Abstract

The mechanics of solids is increasingly shaped by the need to model and predict phenomena that span multiple scales and involve the interplay of different physical processes. Real-world materials and structures rarely operate under single-field conditions; instead, mechanical, thermal, acoustic, and electromechanical effects interact in ways that strongly influence their overall behaviour. The contributions collected in this Special Collection of Science Progress illustrate recent progress in addressing such complexity. Together, they demonstrate how phase-field modelling, isogeometric analysis, micromechanical homogenization, and machine learning can be brought to bear on some of the most challenging problems in solid mechanics and materials science.
A central topic in the collection is fracture under thermal loading, a longstanding problem in engineering applications ranging from ceramics to composites. Yang and co-workers [doi:10.1177/00368504251325746] propose a phase-field framework for simulating thermal cracking in which a length-scale-insensitive degradation function is introduced. This formulation alleviates the mesh dependence that has often undermined predictive fidelity in thermo-fracture simulations. By ensuring that thermal gradients and crack propagation are consistently coupled, the method opens the way for more reliable modelling of failure in systems where temperature effects are decisive.

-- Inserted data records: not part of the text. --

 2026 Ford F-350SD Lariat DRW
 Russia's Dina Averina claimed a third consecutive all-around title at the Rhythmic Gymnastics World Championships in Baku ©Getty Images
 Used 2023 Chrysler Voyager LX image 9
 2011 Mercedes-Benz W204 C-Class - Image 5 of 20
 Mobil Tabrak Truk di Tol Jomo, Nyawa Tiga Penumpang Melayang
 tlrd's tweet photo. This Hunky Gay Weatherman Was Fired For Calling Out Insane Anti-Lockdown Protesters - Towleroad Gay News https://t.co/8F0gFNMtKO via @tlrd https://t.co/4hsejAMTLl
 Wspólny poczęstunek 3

Wave propagation in solids provides another example where multiphysics considerations are crucial. Gao and colleagues [doi:10.1177/00368504251357783] focus on two-dimensional acoustic models with ground reflection, a problem of practical importance in environmental acoustics and vibroacoustic design. They integrate Taylor expansion approximations with deep neural network surrogates into an isogeometric framework. The resulting approach maintains the geometric accuracy and spectral properties of isogeometric discretization while significantly accelerating computation. Their work exemplifies a growing trend in the field: combining rigourous numerical techniques with data-driven accelerators to make high-fidelity simulation feasible for large and complex systems.

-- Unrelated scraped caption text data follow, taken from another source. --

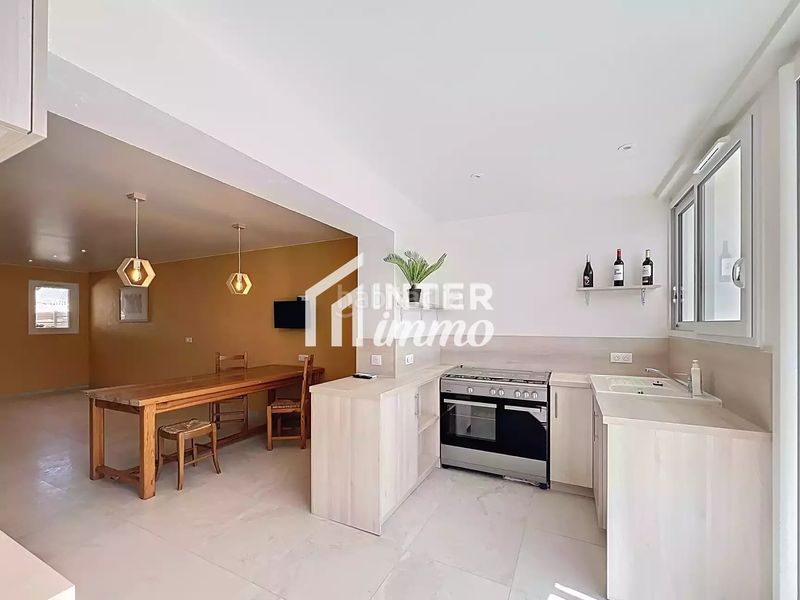 Foto b42a9b13-0108-4de2-bf62-fc9ce0da93e2. Casa amb aparcament a Peni Empuriabrava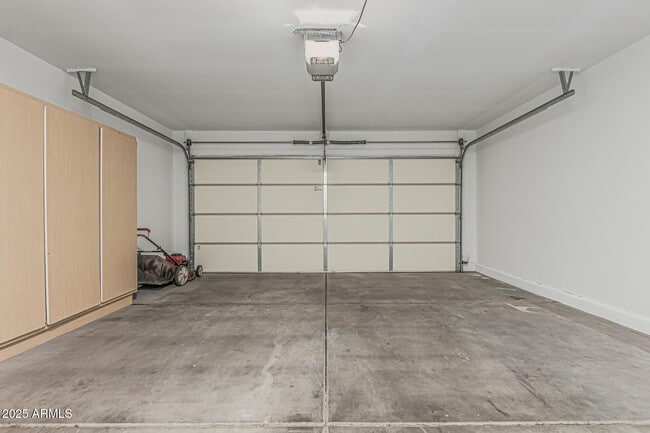 Building Photo - 3212 W Lucia Dr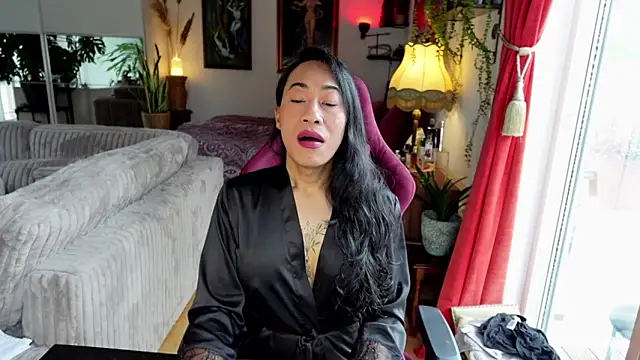 bianca bellamy online show from May 12, 7:05 am
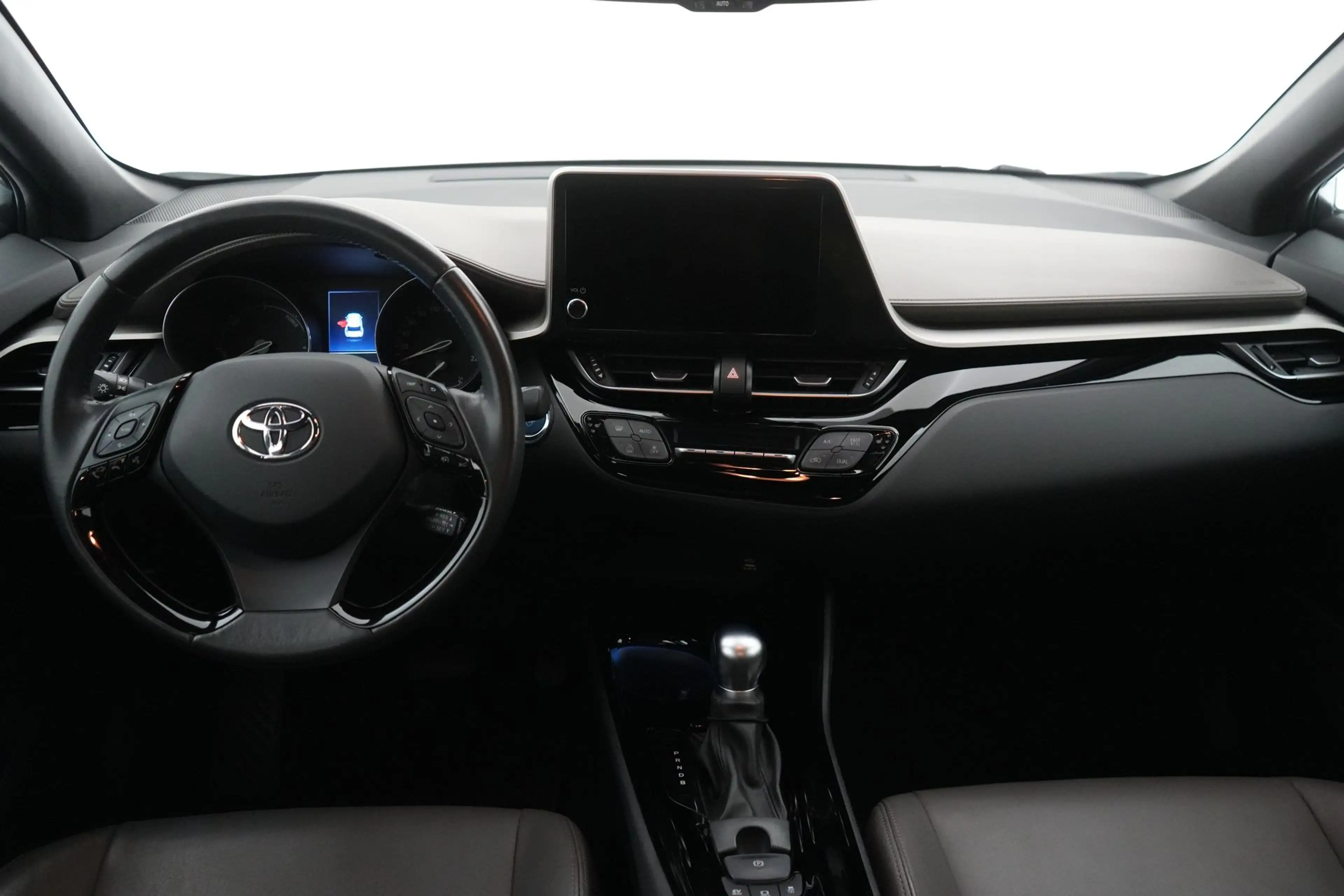 Toyota C-HR 1.8 VVT-I HEV C-HIC LEDER/STOF LED GPS PDC CAM Ver — photo 13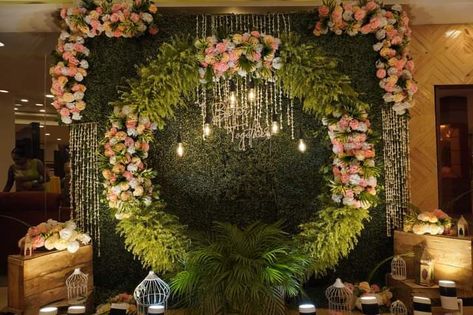 B.M Flower 🌹 Selfie Point For Wedding, Selfie Booth Ideas Wedding, Pelli Decoration, Selfie Corner, Selfie Point, Hindu Wedding Decorations, Small Stage, Small Wedding Decor, Wedding Selfie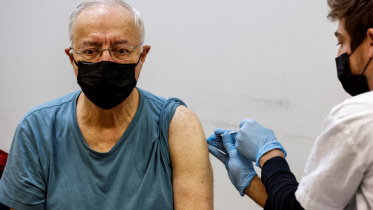 covid 4th vaccine dose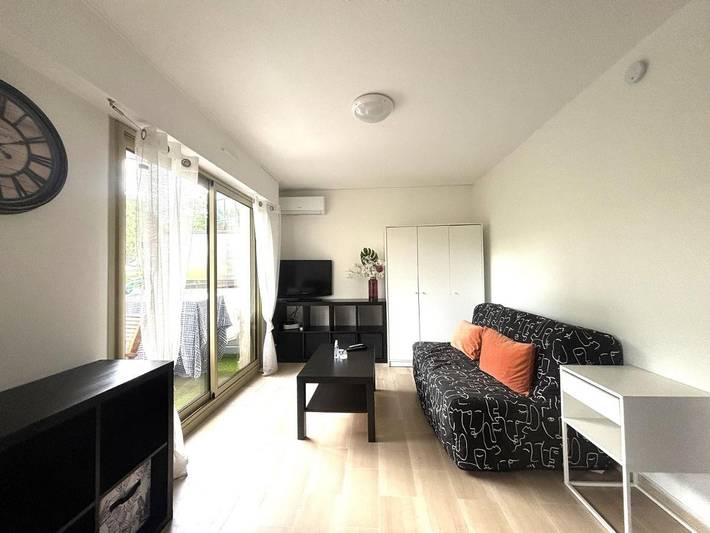 Appartement de vacances pour 4 personnes, avec jardin ainsi que terrasse et piscine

The collection also highlights the role of machine learning in predicting functional properties of advanced materials. Ferroelectrics and piezoelectrics present particular challenges because their dielectric and electromechanical responses depend sensitively on microstructure and composition. Wang et al. [doi:10.1177/00368504251320846] demonstrate that deep neural networks can be trained to predict dielectric properties of ferroelectric materials with accuracy and efficiency, thereby providing a powerful surrogate for computationally expensive first-principles or continuum approaches. Building on this theme, Zhang and co-authors [doi:10.1177/00368504251359081] apply a similar strategy to sodium bismuth titanate (NBT)-based ceramics, predicting their piezoelectric properties through neural network modelling. These two studies, taken together, show how data-driven approaches are increasingly capable of bridging the gap between complex material descriptors and macroscopic functional performance, enabling faster exploration of design spaces for next-generation lead-free ceramics.
Complementing these methodological and data-driven contributions is a study of micromechanical interphases in bio-based composites. Grant, Hadavinia, Williams, and Koutsonas [doi:10.1177/00368504251324044] address the challenge of characterizing the elastic properties of interphase regions in cellulose nanocrystal/epoxy nanocomposites. Using a combination of analytical homogenization and finite element simulations, they quantify the differences between untreated and esterified interphases. Their results demonstrate how subtle chemical modifications can significantly influence interphase stiffness and thereby alter the effective mechanical properties of the composite. This work underscores the importance of interphases in multiscale mechanics and highlights the potential of bio-nanocomposites as sustainable high-performance materials.
Although these contributions address problems that range from thermal fracture and acoustic wave propagation to dielectric and piezoelectric functionality and composite micromechanics, several common threads emerge. Each study underscores the need for methods that can faithfully transmit information across scales, whether from microstructure to macroscopic response or from detailed boundary interactions to large-scale system behaviour. Each also emphasizes efficiency alongside rigour, whether through length-scale-insensitive formulations, surrogate modelling with deep learning, or hybrid analytical–numerical approaches. Above all, the works show how advances in modelling are driven by application challenges, ensuring that theoretical and computational developments remain connected to practical engineering needs.
In presenting these five open-access contributions, this Special Collection provides a timely overview of the challenges and opportunities at the intersection of scales and physics in solids. The works collected here will serve as both practical resources and conceptual inspiration for researchers in mechanics, materials science, and applied mathematics. We thank the authors, reviewers, and editorial staff whose efforts have made this collection possible, and we hope it will stimulate further advances in the predictive modelling of complex solid systems.